---------- PROVIDED DATA ----------
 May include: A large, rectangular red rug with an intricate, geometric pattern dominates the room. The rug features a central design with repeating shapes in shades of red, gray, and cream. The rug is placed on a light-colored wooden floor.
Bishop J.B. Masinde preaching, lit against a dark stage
----------
---------- PROVIDED DATA ----------
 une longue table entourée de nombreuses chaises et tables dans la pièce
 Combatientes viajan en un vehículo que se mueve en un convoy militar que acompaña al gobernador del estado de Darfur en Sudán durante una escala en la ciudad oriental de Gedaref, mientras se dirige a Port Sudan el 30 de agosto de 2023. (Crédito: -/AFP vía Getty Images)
----------
• [WHAT YOU HAVE TO DO]: Reproduce verbatim the lines above, from the line with "une longue table" through the line with "Combatientes viajan en".

• [TASK RESPONSE]:
 une longue table entourée de nombreuses chaises et tables dans la pièce
 Combatientes viajan en un vehículo que se mueve en un convoy militar que acompaña al gobernador del estado de Darfur en Sudán durante una escala en la ciudad oriental de Gedaref, mientras se dirige a Port Sudan el 30 de agosto de 2023. (Crédito: -/AFP vía Getty Images)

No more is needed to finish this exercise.